[Start of section]

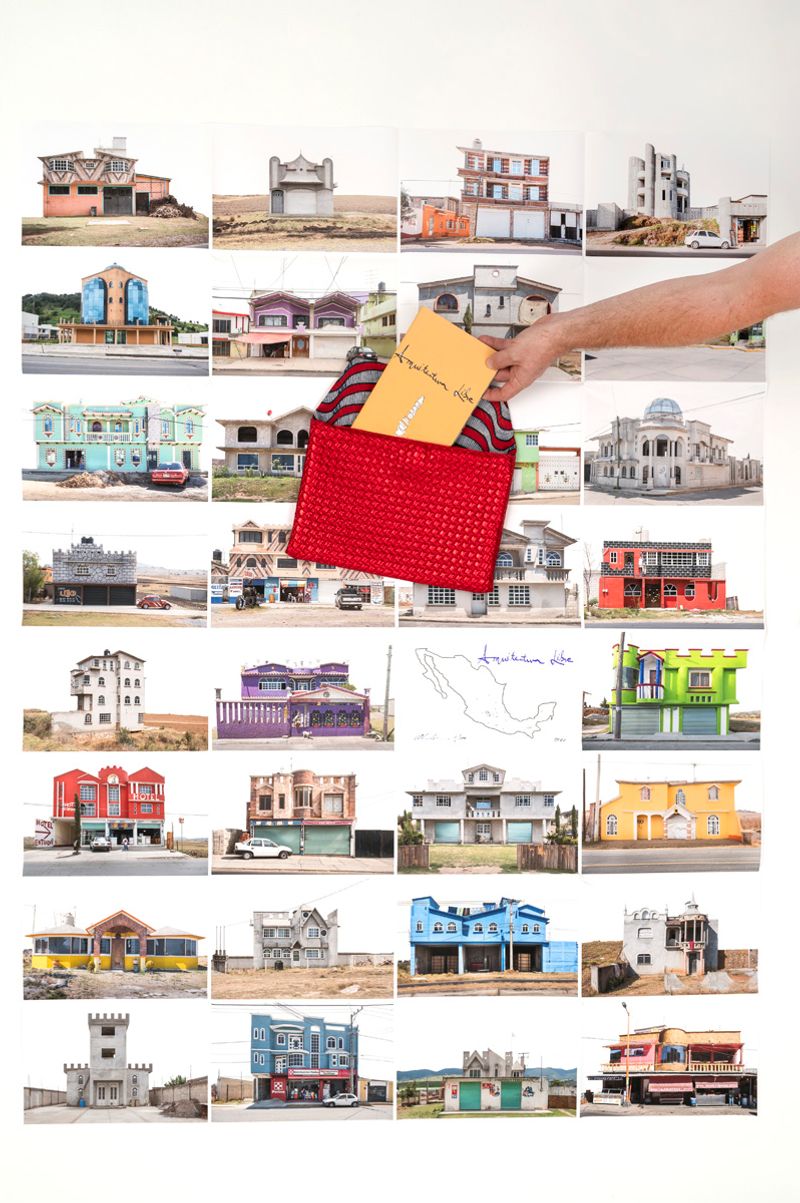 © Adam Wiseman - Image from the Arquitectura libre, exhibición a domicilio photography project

[End of section]
[Start of section]

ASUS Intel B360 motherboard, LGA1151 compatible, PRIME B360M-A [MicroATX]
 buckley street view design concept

[End of section]
[Start of section]

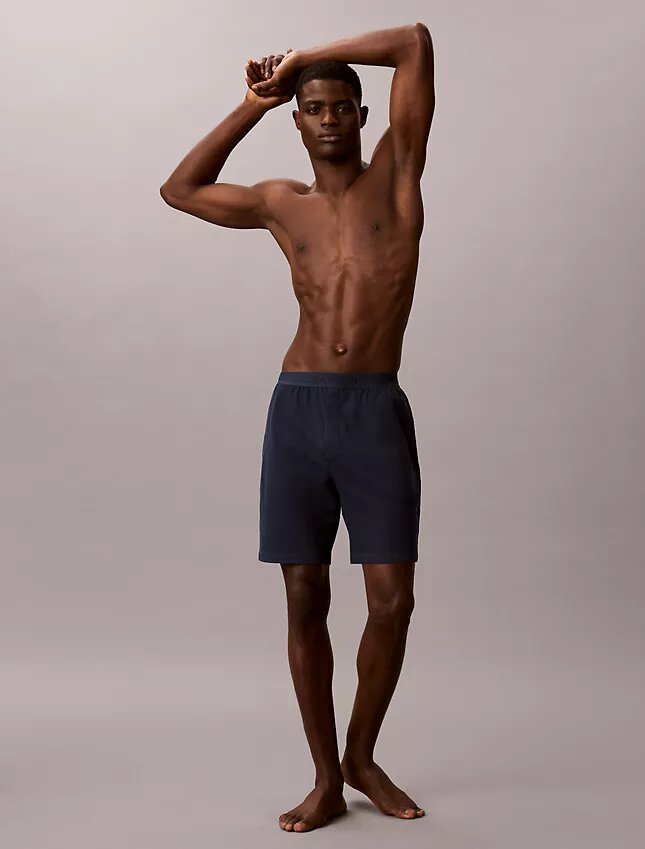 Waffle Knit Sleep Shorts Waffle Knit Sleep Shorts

[End of section]

TASK STATEMENT - Using the data above, reproduce exactly the lines from the line that contains "ASUS Intel B360" through the line that contains "buckley street view design concept", including both.

THE ANSWER -
ASUS Intel B360 motherboard, LGA1151 compatible, PRIME B360M-A [MicroATX]
 buckley street view design concept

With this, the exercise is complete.